Take home exam

Questions 1) Experimenting with tree-based methods: In this problem, you will used CARTs, bagging, random forests, and boosting in an attempt to accurately predict whether mushrooms are edible or poisonous, based on a large collection of varaibles decribing the mushrooms (cap shape, cap surface, odor, gill spacing, gill size, stalk color, etc.). The data can be found under the Files tab in folder Exam 2/Final Exam(mushrooms.csv) on Canvas. More information regarding this data can be found (including variable level designation for interpretation) at the following site: https://www.kaggle.com/uciml/mushroom-classification/data

Split the mushroom data into a training and test set, each consisting of 50% of the entire sample. Do this randomly, not based on positioning in the dataset (i.e. do not take the first half as your test set, etc., but instead use the sample() function).

library(tree)
mushrooms <- read.csv("/Users/ahlad/Downloads/mushrooms.csv")

mushrooms[] <- lapply(mushrooms, function(x) if (is.character(x)) factor(x) else x)
mushrooms$class <- as.factor(mushrooms$class)

set.seed(1234)
n <- nrow(mushrooms)
train_indices <- sample(1:n, size = n / 2)
train_data <- mushrooms[train_indices, ]
test_data <- mushrooms[-train_indices, ]

I used class target variable as a factor for classification.

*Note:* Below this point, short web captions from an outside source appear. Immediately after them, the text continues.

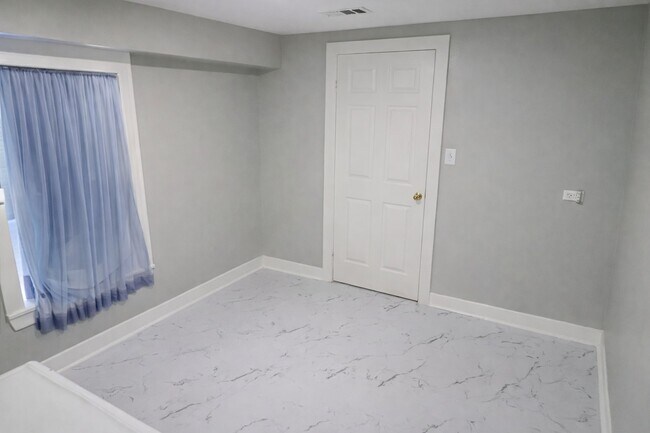 Building Photo - 7142 Avenue K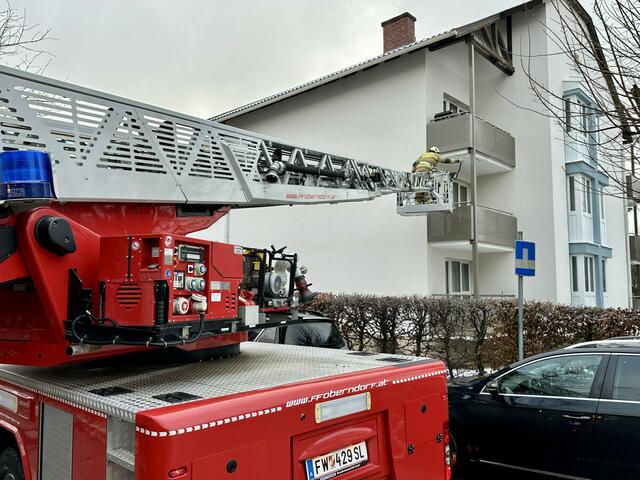 Die Wohnungstür war verschlossen, somit wurde der Weg über die Balkontür forciert, welche beschädigungsfrei geöffnet werden konnte. | Foto: Freiwillige Feuerwehr Oberndorf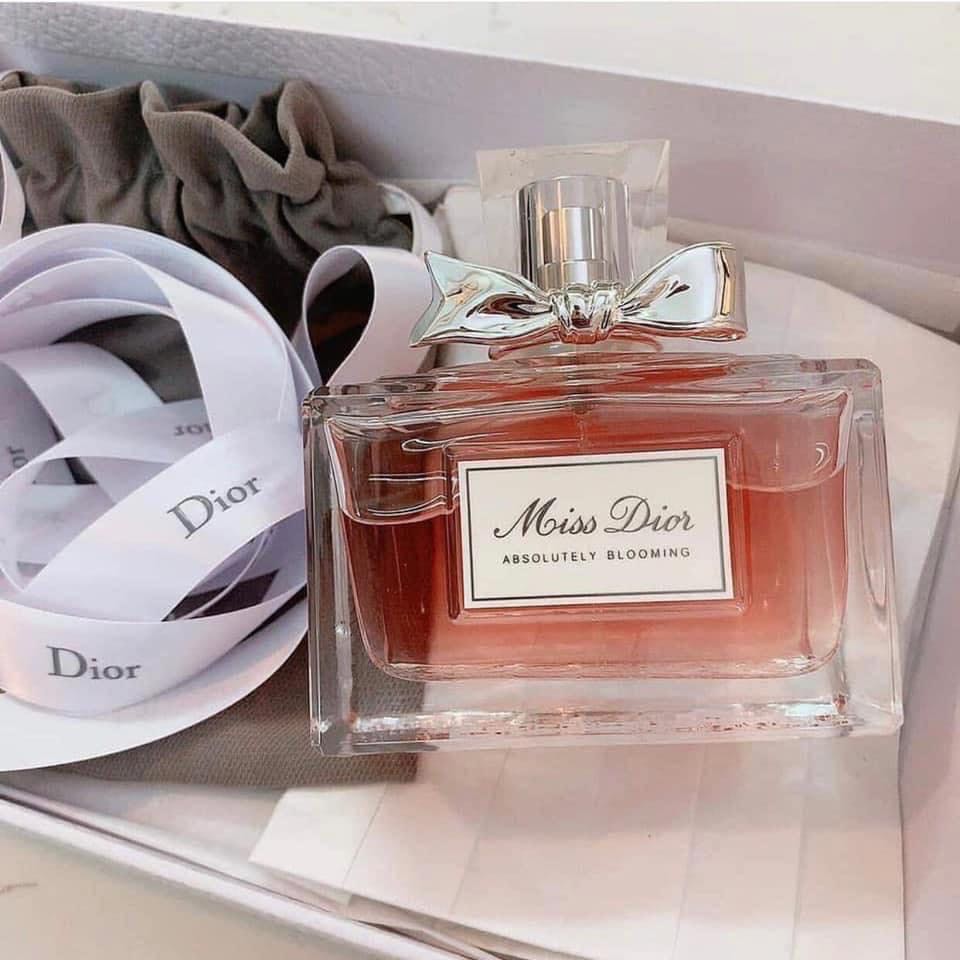 Miss dior absolutely blooming tester top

Using a CART, fit a classification tree to the training data and employ cost complexity pruning with CV used to determine the optimal number of terminal nodes to include. Then test this “best” model on the test data set. Interpret the final best model using the tree structure, and visualize it / add text to represent the decisions.

train_data$label <- ifelse(train_data$class == "e", 1, 0)
test_data$label <- ifelse(test_data$class == "e", 1, 0)

tree_model <- tree(class ~ . -label, data = train_data,
                   control = tree.control(nobs = nrow(train_data), mindev = 0.001))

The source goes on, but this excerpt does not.